Quick Installation Guide#

The cuFFTDx library is distributed as a part of the MathDx package. To download the most recent release of the MathDx package including cuFFTDx go to the https://developer.nvidia.com/cufftdx-downloads website.

Note

MathDx package contains:

  • cuBLASDx for selected linear algebra functions like General Matrix Multiplication (GEMM),

  • cuFFTDx for FFT calculations,

  • cuSolverDx for selected dense matrix factorization and solve routines,

  • cuRANDDx for random number generation.

  • nvCOMPDx for compression/decompression of data.

MathDx libraries are designed to work together in a single project.

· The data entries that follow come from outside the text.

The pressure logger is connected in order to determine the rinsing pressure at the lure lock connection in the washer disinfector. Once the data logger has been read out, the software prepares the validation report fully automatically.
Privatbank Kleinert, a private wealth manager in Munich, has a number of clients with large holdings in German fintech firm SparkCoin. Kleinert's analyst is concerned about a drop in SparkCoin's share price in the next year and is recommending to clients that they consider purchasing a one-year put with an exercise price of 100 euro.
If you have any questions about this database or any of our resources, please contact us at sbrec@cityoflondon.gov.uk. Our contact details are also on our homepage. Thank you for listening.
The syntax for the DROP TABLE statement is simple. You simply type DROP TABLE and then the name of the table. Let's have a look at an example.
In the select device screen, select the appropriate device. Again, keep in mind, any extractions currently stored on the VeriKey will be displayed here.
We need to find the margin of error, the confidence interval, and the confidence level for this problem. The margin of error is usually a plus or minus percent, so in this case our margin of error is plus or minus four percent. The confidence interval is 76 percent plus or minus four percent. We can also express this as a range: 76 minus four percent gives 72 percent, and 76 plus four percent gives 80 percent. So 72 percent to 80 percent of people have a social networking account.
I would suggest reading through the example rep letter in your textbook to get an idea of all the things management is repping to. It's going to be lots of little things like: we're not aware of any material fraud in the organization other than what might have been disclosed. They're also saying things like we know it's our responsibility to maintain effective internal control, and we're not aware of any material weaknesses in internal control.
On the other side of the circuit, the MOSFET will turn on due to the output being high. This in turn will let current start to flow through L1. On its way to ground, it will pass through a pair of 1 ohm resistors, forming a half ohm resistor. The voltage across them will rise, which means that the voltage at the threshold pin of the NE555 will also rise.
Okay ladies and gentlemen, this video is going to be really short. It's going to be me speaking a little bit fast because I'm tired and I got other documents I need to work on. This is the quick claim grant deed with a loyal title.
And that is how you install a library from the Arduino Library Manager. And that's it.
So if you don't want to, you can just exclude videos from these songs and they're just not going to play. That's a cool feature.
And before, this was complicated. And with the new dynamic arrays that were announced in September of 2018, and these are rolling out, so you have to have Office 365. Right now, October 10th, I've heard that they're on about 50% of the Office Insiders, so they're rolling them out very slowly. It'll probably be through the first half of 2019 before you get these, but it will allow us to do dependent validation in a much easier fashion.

Note that for a project where multiple device extensions libraries are used all the libraries must come from the same MathDx release. Examples of such fusion are included in the package.

cuFFTDx In Your Project#

cuFFTDx is a header-only library, thus to use it users just need to the include the directory with cufftdx.hpp and commonDx into their compilation commands. All other requirements are listed in the Requirements section. The easiest way is to use the MathDx include directory:

nvcc -std=c++17 -arch sm_XY (...) -I<mathdx_include_dir> \
     <your_source_file>.cu -o <your_binary>

When you unpack MathDx YY.MM package tarball into in <your_directory>, cufftdx.hpp file will be available at the following locations:

  • <your_directory>/nvidia/mathdx/yy.mm/include/

You can review Makefile shipped alongside cuFFTDx examples to check how they are compiled.

Note

Since version 1.2.1 cuFFTDx has indirect dependency on CUTLASS library. If no other Dx library is used, the dependency can be disabled by defining CUFFTDX_DISABLE_CUTLASS_DEPENDENCY macro. Defining CUFFTDX_DISABLE_CUTLASS_DEPENDENCY if other Dx libraries are used can lead to compilation errors. Since cuFFTDx 1.3.0, due to version incompatibilities, it is recommended to disable the dependency when using CUDA toolkits with versions earlier than 11.4.

Note

Since version 1.3.0 cuFFTDx provides a way to optimize the final binary size for user projects. This works by linking all executables to a shared object with pre-calculated constants required for FFT calculations thus sharing them between translation units. It is especially recommended when including a large number of translation units (.cu source files) with cuFFTDx kernels in an executable. To compile with this new optimization it’s enough to add -DCUFFTDX_USE_SEPARATE_TWIDDLES -rdc=true to the compilation command as well as including <mathdx_dir>/src/cufftdx/lut.cu to be compiled.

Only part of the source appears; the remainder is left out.